Moran, Steven

Analog In-Memory Multiply-and-Accumulate Engine Fabricated in 22nm FDSOI Technology

2022

Moran, Steven
Advisor(s): Iyer, Subramanian S

Abstract

This dissertation presents the first on-chip demonstration of a Multiply-and-Accumulate (MAC) function in 22nm CMOS on SOI with the Charge-Trap Transistor (CTT).
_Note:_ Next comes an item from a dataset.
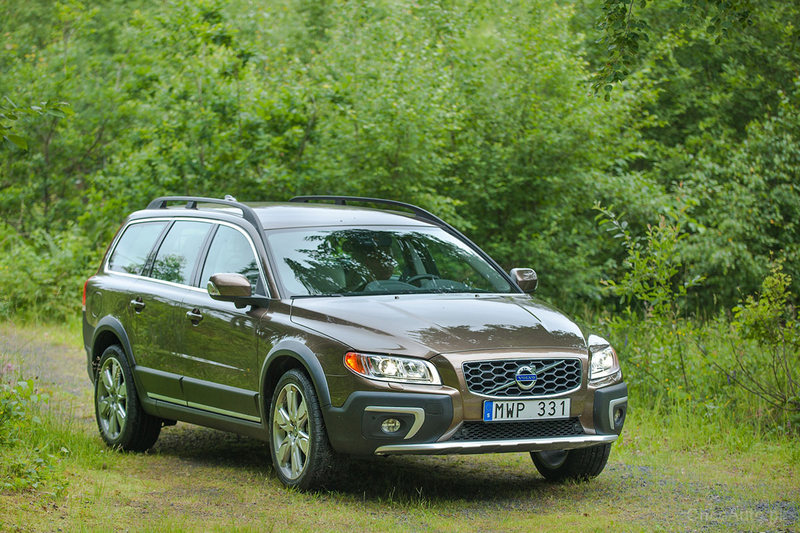 Volvo XC70 I FL 2.0 T5 245 KM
Recent developments in machine learning and AI focus on digital-based von Neumann architectures to accelerate computation using massively parallel processing platforms including Graphics Processing Units (GPUs), Tensor Processing Units (TPUs), and Application- Specific Integrated Circuits (ASICs), to name a few. While these platforms have dramatically improved system performance, they are inherently limited by the von Neumann memory bottleneck. A resurgence of digital and analog in-memory & near-memory computing (iMC) techniques have been proposed to perform computation directly where the memory is stored, eliminating unnecessary memory accesses and minimizing memory access energy.A hybrid approach to designing high-performance AI computation platforms is composed of learning on the cloud and energy-efficient inference at the edge. In this dissertation, we explore the latter through the use of the Charge-Trap Transistor (CTT)—commercial high-k logic nFET device on SOI—as an ideal candidate nonvolatile memory device for analog-based

in-memory computing. Past results show that the CTT can be accurately programmed with excellent resolution, device programming variance, and retention characteristics. We propose a NeuroCTT inference architecture and present experimental results based on two test chips taped-out utilizing GlobalFoundries 22FDX technology. A first-time demonstration of an on-chip analog MAC Engine using the CTT in a commercial CMOS technology is provided. Accurate on-chip weight programming with sufficient retention are also demonstrated in hardware. In addition, we introduce a CTT-Hardware-based Inference Realistic Circuit Universal Simulator (CIRCUS) Platform for studying the effects of circuit-induced errors and device non-idealities on system performance and accuracy.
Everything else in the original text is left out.